Vietnam is best known for the Vietnam War, Pho, rice fields, and conical farmer’s hats. It is a beautiful country that has me absolutely charmed by its warm smiling people, and rich luxurious landscape. I have spent a total of one year living in a rural city in Central Vietnam. For my first trip, my sister Amber and I came together to volunteer at an orphanage. For our second trip, we came to volunteer again, and we ended up opening an English Center for children. Along the way, my sister married a wonderful Vietnamese man. I am currently in Vietnam for the third time, helping welcome my absolutely perfect nephew into the world.
Vietnam and Canada have an endless amount of differences.

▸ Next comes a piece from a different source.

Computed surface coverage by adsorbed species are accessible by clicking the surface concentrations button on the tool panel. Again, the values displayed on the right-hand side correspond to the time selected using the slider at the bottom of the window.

The main one I’ve noticed is that while Canada is multicultural, Vietnam is almost entirely racially homogeneous So, how does that affect my sister and I while living in a rural city? There are always less than 10 foreigners living in the city long term (Some Asians, a few Cubans, an American, a Dutch lady, an Australian lady and my sister). Every single time my sister and I leave the house, we are greeted by smiling faces, warm touches, and so many questions about how Amber and the baby are doing. Naturally, as I am sure happens in every country in the world, people always want to give advice on what is best for the baby – at the market, the noodle shop, or just while we walk down the street, people offer their opinion.

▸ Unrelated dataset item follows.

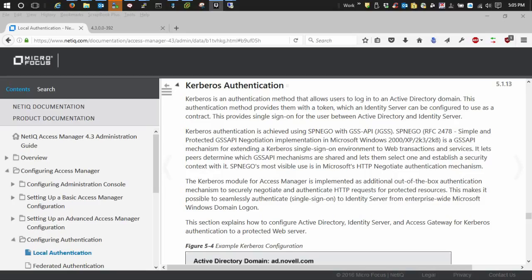Welcome to the first video in a series of videos on how to configure Kerberos authentication for Access Manager. This particular video will focus on configuring the Active Directory side of things.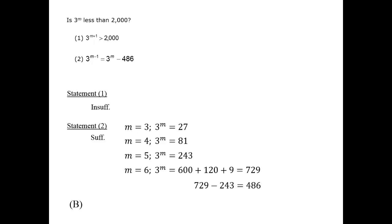Meanwhile, we found that m plus 1 equals 7, and therefore 3 to the m plus 1 power is indeed greater than 2000. So in this case, there is no contradiction. That's just one way to check your work on a data sufficiency question. Again, the answer is B.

Amber was the first Westerner ever to give birth in our rural city, and along with the birth of my handsome nephew came an insane amount of Vietnamese traditions, all of which are so ingrained in the culture. I am certain that every single adult in Vietnam, regardless of religion or ethnicity, knows that it is tradition for women and their new babies to stay in their house for at least one month after the birth. During this time the new mother should also wear cotton balls in her ears, not touch or ingest cold water, and they generally have a little fire pit with herbs burning in the bedroom. These traditions seem a little odd, but they have clear purposes: the cotton balls in their ears are so no cold can get in to the women and bring them illness in their old age, same with the need to avoid cold water. The fire pit helps with post birth recovery and health. Vietnamese people have strict traditions that they follow for just about every single major, and most minor, life events.
Festivals are also a big part of Vietnamese culture, and my favourite festival is the mid-autumn festival which is dedicated to children. It takes place over three days in the Fall, and boys form groups, going house to house to perform a dragon dance in exchange for money. Dragon dances are absurdly cool to see and the boys practice for months before the festival, which absolutely shows. The groups always put on an amazing performance, which is why the streets are absolutely packed with families checking everything out. It’s probably more popular than a Canadian Christmas parade and for my foreign eyes it is at least as exciting!
I love that Vietnam’s traditions are so much a part of their culture. I think this is possible because they are a homogeneous country. It feels really comforting when every person who offers their opinion is saying a similar thing to the person before – straighten the baby’s legs when he eats so the milk goes all the way through his body, keep him warm, and so on. It is so much fun to be in a country that is unified in its beliefs and hear the same advice being told from every economic group, ethnicity, religion and age. This is in contrast to Canada where traditions are passed on within a family and each new family will create their own new traditions. This is really special and I love the cultural and traditional mosaic that is represented in Canada. Since Canada is multicultural, there is not one unifying message connecting us all but rather a collection of cultures, traditions and messages represented in one society. Both Canadian and Vietnamese cultures are beautiful and unique, and I love the opportunity to continue exploring and learning about each.